Waiting for the hands to reach 10 o’clock on those crisp Thanksgiving mornings was a thrilling experience for members of the Fairfield County Hounds. They would gather on the Green across from the Congregational Church on Greenfield Hill in preparation for a day of fox hunting. Crowds arrived from all over the area to watch the start of the Hunt.
The Annual Thanksgiving Hunt began in 1924 by the Fairfield County Hounds, a name they still use today. They would release a live fox and at the sound of the Huntsman’s horn the hounds would take off. Gigi Haber, a former Master, said it is the hounds who hunt and track the fox. They are trained to pick up a scent and then “give tongue.” A hound never barks, he “opens,” “gives tongue,” or “speaks.” The particular yelp also tells the quality of the scent. The Huntsman then blows his horn to alert the other hounds and the riders.
Once the rest of hounds have arrived and picked up the scent, the chase is underway. It is then the hounds are excited, at their best and in full cry which is called “music.” They weave in and out of thickets, over meadows, cutting back, and sometimes losing the scent completely. When the scent is picked up anew the hounds are off until the fox “goes to ground,” meaning he has reached his hole or scurried up a tree.
The Masters of Foxhounds Association of America compares it to a “theatrical production with mother nature the conductor and the hounds in full cry, accompanied by the hunting horn, the orchestra. Man is the audience privileged to watch, as hounds and fox or coyote, the actors, unveil the plot with never ever the same act repeated twice.”

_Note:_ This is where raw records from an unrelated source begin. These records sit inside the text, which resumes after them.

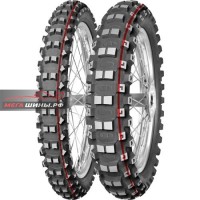 Mitas Terra Force-MX MH 90/90 R21 54M Передняя (Front)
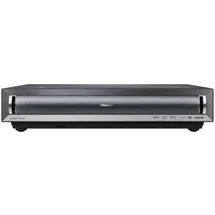 Hisense PX3 Beamer Grau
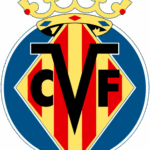Villarreal U19 شعار
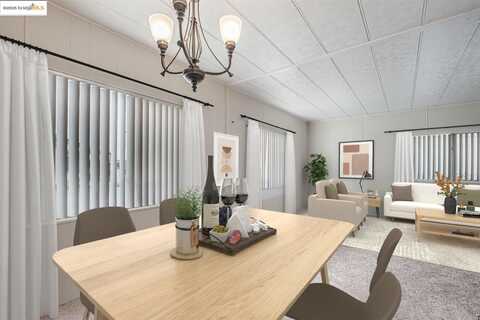 8200 Jantzen RD, Modesto, CA 95357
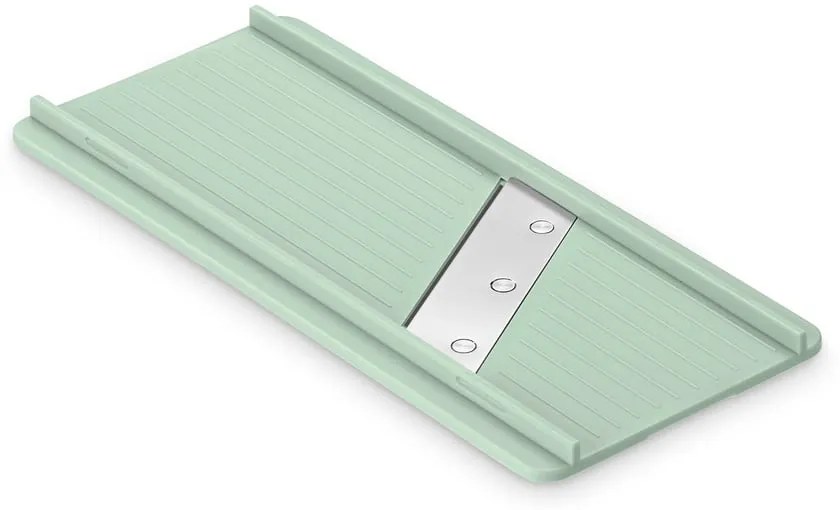 Multifunkčný krájač Tasty+ – Brabantia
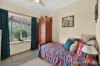 102 Glassenbury Drive, Waitpinga, SA 5211-Image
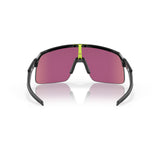 Gafas Oakley Sutro Lite OO9463-0339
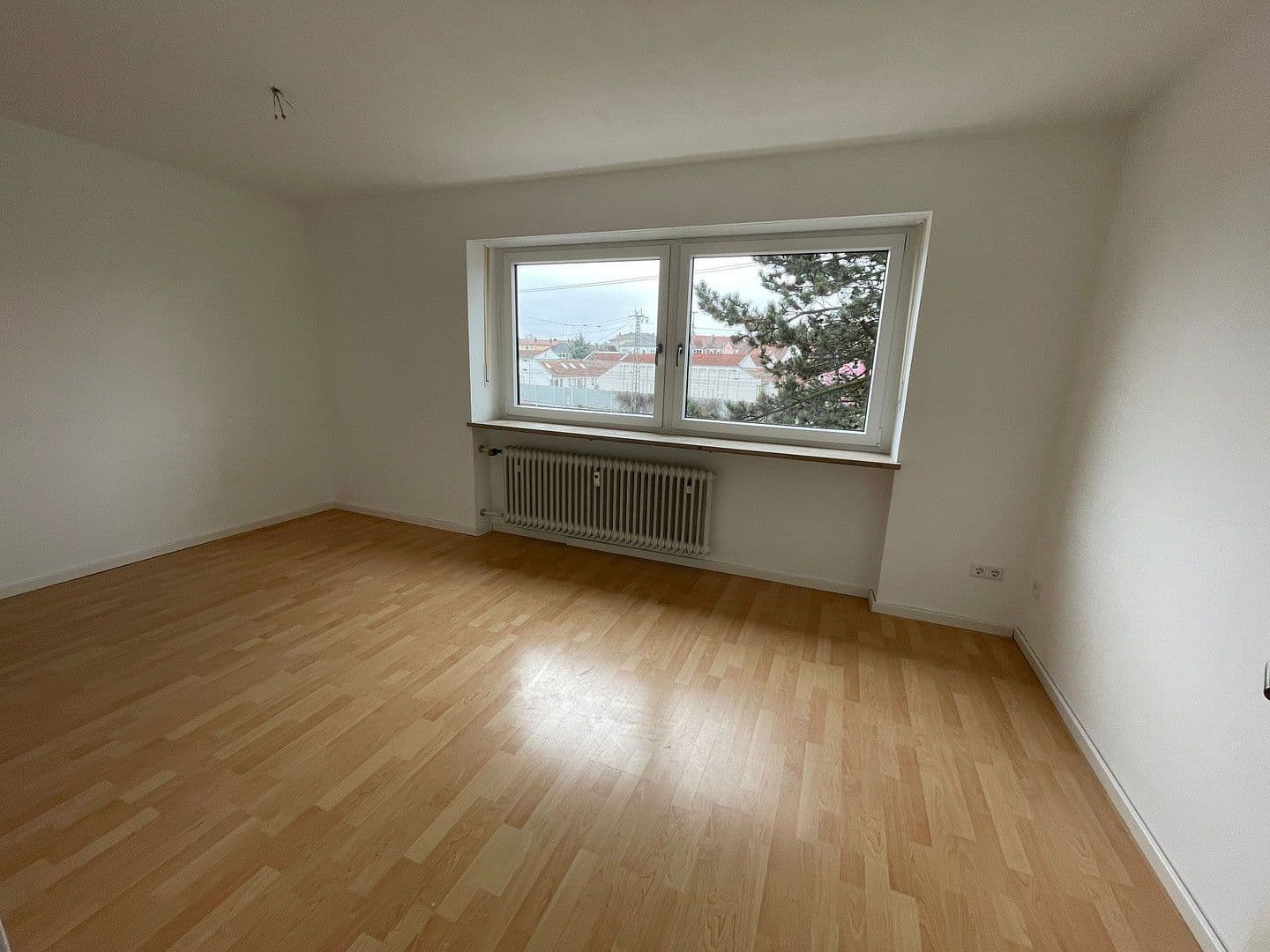 2 bedroom with open-plan kitchen flat to rent, 100 m², Regensburg-Ostenviertel, Bavaria 2 bedroom with open-plan kitchen flat to rent, 100 m², Regensburg-Ostenviertel, Bavaria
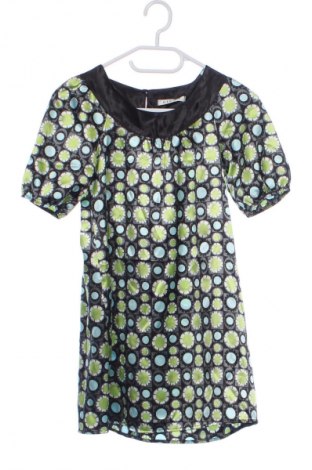 Dziecięca sukienka George, Rozmiar 9-10y/ 140-146 cm, Kolor Kolorowy, Cena 34,57 zł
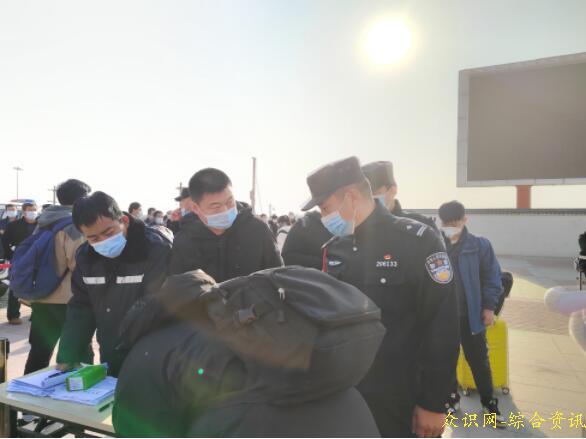 QQ截图20220117211703.jpg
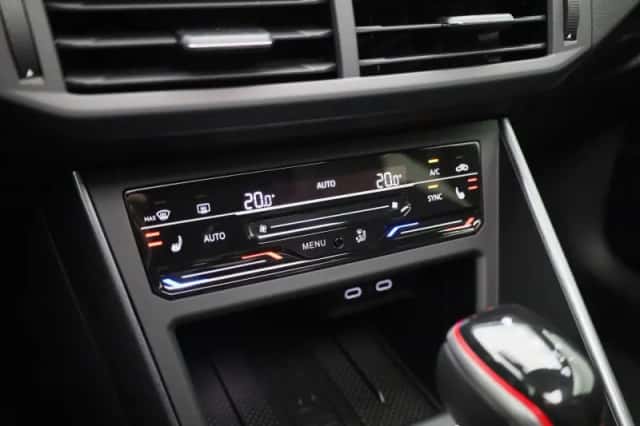 Volkswagen Polo (2026) thumbnail 20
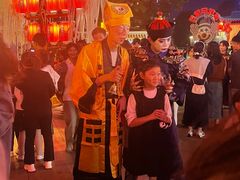 -国色天乡三期陆地乐园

By the mid 1930’s the Merritt Parkway was built, ending live fox hunting in Fairfield. The parkway had divided Greenfield Hill in half making it impossible for hounds or riders to have a large enough unpopulated area for a good chase. From then on the Thanksgiving Day Hunt was a “drag hunt,” with a scent laid by a person over a pre-determined route. Finally, toward the end of the 1970’s, the Fairfield County Hounds decided to discontinue the tradition due to the possibility of an accident, particularly to a child by a horse or one of the hounds. So ended the Annual Thanksgiving Day Hunt in Fairfield.
The Hunt moved to Newtown, and has moved northward into less built up areas and to places where landowners allow it to cross their large parcels. Today, the Fairfield County Hounds is in Bridgewater. The fox is only chased until he goes to ground. The fox is never killed. And the fox sometimes outfoxes the hounds. About a year after the formation of the Fairfield County Hounds, the Fairfield Country Hunt Club was founded as a separate organization by those who hunted.